- What is being asked -
A word-for-word copy of the listing, free of images, is the expected answer.

*** Opening of Recorded data ***

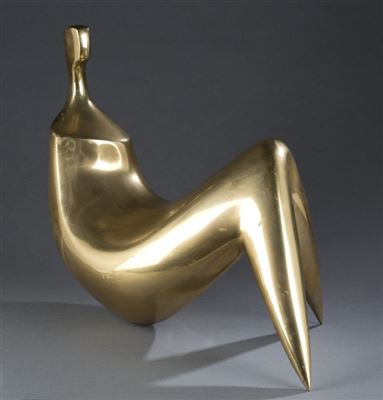 Reclining Woman/9S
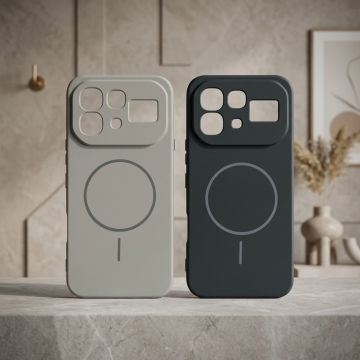Stylish Infinix Note 60 Official Silicone Case Multicolor Variant
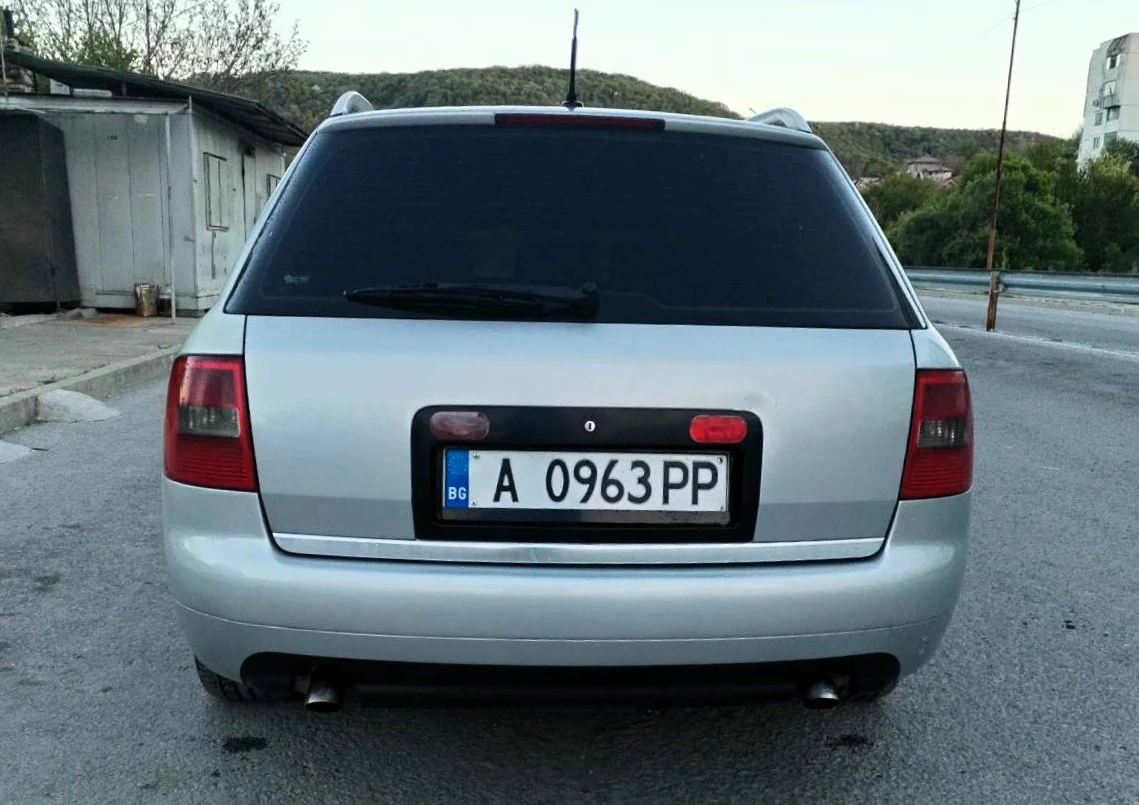 Audi A6 C5 Avant, снимка 7 - Автомобили и джипове - 54341465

*** Close of Recorded data ***

- Completed exercise -
 Reclining Woman/9S
Stylish Infinix Note 60 Official Silicone Case Multicolor Variant
 Audi A6 C5 Avant, снимка 7 - Автомобили и джипове - 54341465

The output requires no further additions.